-- DATA TO EXAMINE follows --

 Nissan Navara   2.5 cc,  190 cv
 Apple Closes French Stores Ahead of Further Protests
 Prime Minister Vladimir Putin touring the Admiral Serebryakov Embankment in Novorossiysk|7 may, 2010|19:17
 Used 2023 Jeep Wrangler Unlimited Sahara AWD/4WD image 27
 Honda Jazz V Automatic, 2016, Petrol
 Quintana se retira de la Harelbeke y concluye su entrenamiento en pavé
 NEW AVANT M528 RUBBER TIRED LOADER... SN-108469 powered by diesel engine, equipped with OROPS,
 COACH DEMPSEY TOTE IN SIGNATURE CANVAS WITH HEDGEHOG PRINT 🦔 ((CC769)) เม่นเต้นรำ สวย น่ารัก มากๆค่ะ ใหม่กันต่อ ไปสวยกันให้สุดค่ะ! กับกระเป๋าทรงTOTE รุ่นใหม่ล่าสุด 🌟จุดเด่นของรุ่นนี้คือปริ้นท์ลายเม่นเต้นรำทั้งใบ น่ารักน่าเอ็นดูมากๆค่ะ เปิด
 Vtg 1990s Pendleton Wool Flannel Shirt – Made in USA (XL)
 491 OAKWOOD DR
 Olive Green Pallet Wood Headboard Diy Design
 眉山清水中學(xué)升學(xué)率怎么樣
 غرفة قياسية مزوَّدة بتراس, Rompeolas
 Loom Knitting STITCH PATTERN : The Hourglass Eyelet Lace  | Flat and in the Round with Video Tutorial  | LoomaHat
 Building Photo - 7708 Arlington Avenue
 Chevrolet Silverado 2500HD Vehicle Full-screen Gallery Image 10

-- DATA TO EXAMINE concluded --

Print exactly the line containing "眉山清水中學(xué)升學(xué)率怎么樣" and every line after it through the end of the records above, and nothing else.

 眉山清水中學(xué)升學(xué)率怎么樣
 غرفة قياسية مزوَّدة بتراس, Rompeolas
 Loom Knitting STITCH PATTERN : The Hourglass Eyelet Lace  | Flat and in the Round with Video Tutorial  | LoomaHat
 Building Photo - 7708 Arlington Avenue
 Chevrolet Silverado 2500HD Vehicle Full-screen Gallery Image 10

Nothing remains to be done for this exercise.